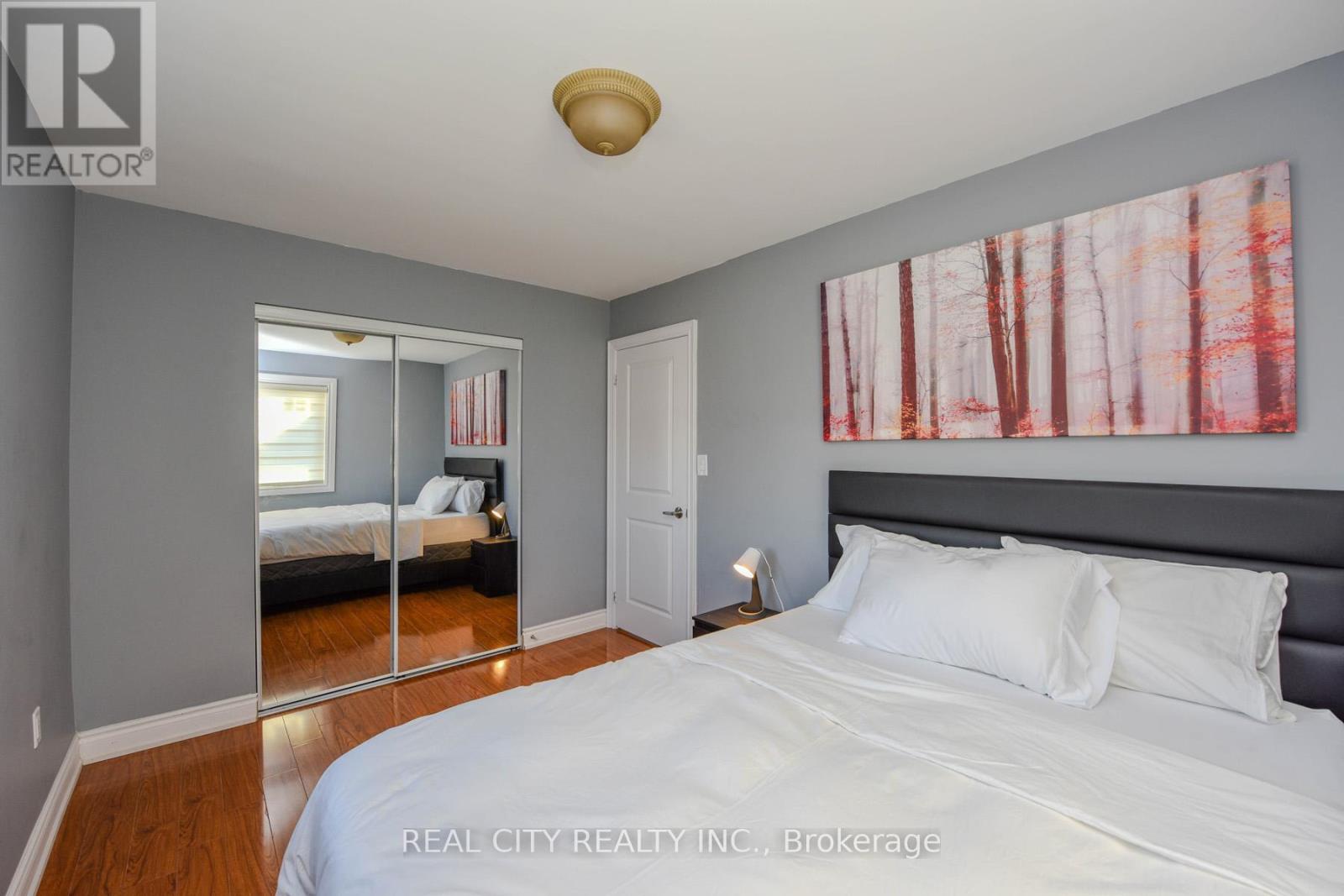 7020 Black Walnut Trail, Mississauga, Ontario  L5N 7N7 - Photo 33 - W12533226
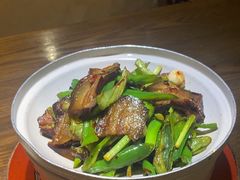 -廖师傅大蒜炒腊肉(袁家岭店)
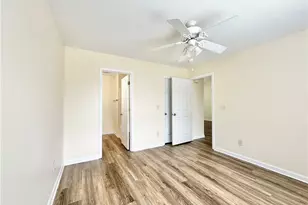 21 Franklinwood Dr, Greensboro, NC 27401 - Photo 8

* * *

» **Work required**
Repeat the whole of the material above exactly, but keep the pictures out.

» **Exercise result**
 7020 Black Walnut Trail, Mississauga, Ontario  L5N 7N7 - Photo 33 - W12533226
 -廖师傅大蒜炒腊肉(袁家岭店)
 21 Franklinwood Dr, Greensboro, NC 27401 - Photo 8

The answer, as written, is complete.